Readiness Assessment & Gap Analysis
SOC audits, often mis-labeled as a certification, are in fact an attestation audit that includes a CPA signature on the opinion. Therefore, adequately preparing for your first SOC audit is imperative, and right-sizing the scope for the subsequent audits should be paramount. Engaging under the AICPAs Consulting Standards, our professionals are able to help guide your organization and assist in helping you prepare and complete the necessary steps and documentation required for a SOC audit.
SOC 1 Report
Once known as a SAS 70 or SSAE 16 and more recently referred to as SSAE 18, a SOC 1 report covers controls at a service organization that may be relevant to user entities’ internal control over financial reporting.
Two types of SOC 1 reports exist as follows:
- Type I – A report on management’s description of a service organization’s system and the suitability of the design of controls.
- Type II – A report on management’s description of a service organization’s system and the suitability of the design and operating effectiveness of controls.
SOC 2 and SOC 2+ Report
This SOC 2 report replaces prior Systrust and Webtrust reviews. The purpose is to evaluate an organization’s information technology controls relevant to any single, or combination, of the following five trust principles and their corresponding criteria issued by the AICPA:
- Security (required)
- Availability
- Confidentiality
- Processing Integrity
- Privacy
In addition, using SOC 2+, we are able to incorporate other frameworks into our audit reports such as NIST 800-53 or 171, ISO 27001, HITRUST (HIPAA Compliance), Payment Card Industry (PCI), Cloud Security Alliance (CSA) and the Cybersecurity Maturity Model Certification (CMMC).
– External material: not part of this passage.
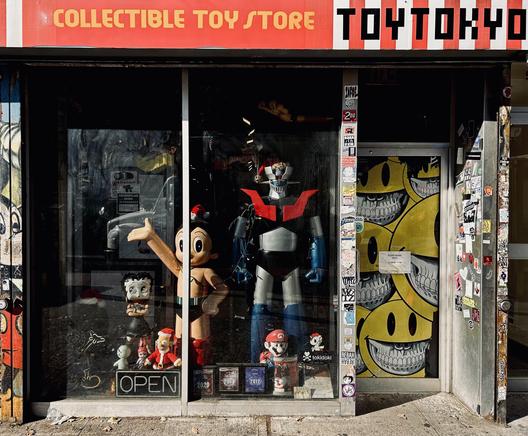 A color photograph, eye-level street photo shows the storefront of Toy Tokyo, a collectible toy store in New York City's East Village. It is a bright sunny afternoon. The sign above the window reads "COLLECTIBLE TOY STORE" on a red banner with yellow block letters, and "TOYTOKYO" in black and red pixel-style lettering to the right of it. The large, grimy display window is crowded with giant character figures and smaller collectibles. The dominant figures are a towering robot with a red chest and blue legs, and a large, smiling, retro-styled Astro Boy with his right arm outstretched. Smaller figures are scattered on the floor. A small "OPEN" sign sits unlit on the floor at the bottom of the window. The window's glass reflects the street and sky, partially obscuring the view inside. To the right of the window is the entrance door, which is completely covered in stickers, posters, and graffiti. A large, stylized piece of street art is visible on the door, featuring a stack of several yellow, grinning smiley faces showing their teeth. Mickey Mouse has been added as graffiti to the wall to the left side of the store, but only a small vertical piece is visible. The dirty sidewalk creates the bottom edge of the image.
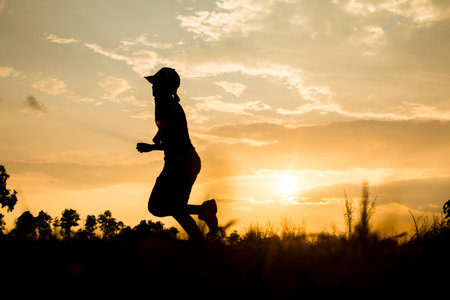 Fitness silhouette sunrise jogging workout wellness concept.の写真素材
A SOC 2 report is intended for use by stakeholders such as customers, regulators, business partners, suppliers and directors. Similar to SOC 1, your service organizations can choose to undergo a Type I or Type II audit.
SOC 3 Report
Similar to the SOC 2, this SOC report is based on the five trust principles and their corresponding criteria issued by the AICPA. However, the report does not detail any testing as it is intended for marketing purposes. A SOC 3 is the only of the three reports that is for general use and can be posted on your company website.
SOC for Cybersecurity Report
This report is designed to assist organizations as they communicate relevant and useful information about the effectiveness of their cybersecurity risk management programs to key stakeholders. Similar to SOC 1, your service organizations can choose to undergo a Type I or Type II audit.
SOC for Supply Chain Report
Intended primarily for organizations that produce, manufacture, or distribute products, the SOC for Supply Chain helps organizations build stakeholder trust by providing assurance over key aspects of operational processes and related controls. Similar to SOC 1, your service organizations can choose to undergo a Type I or Type II audit.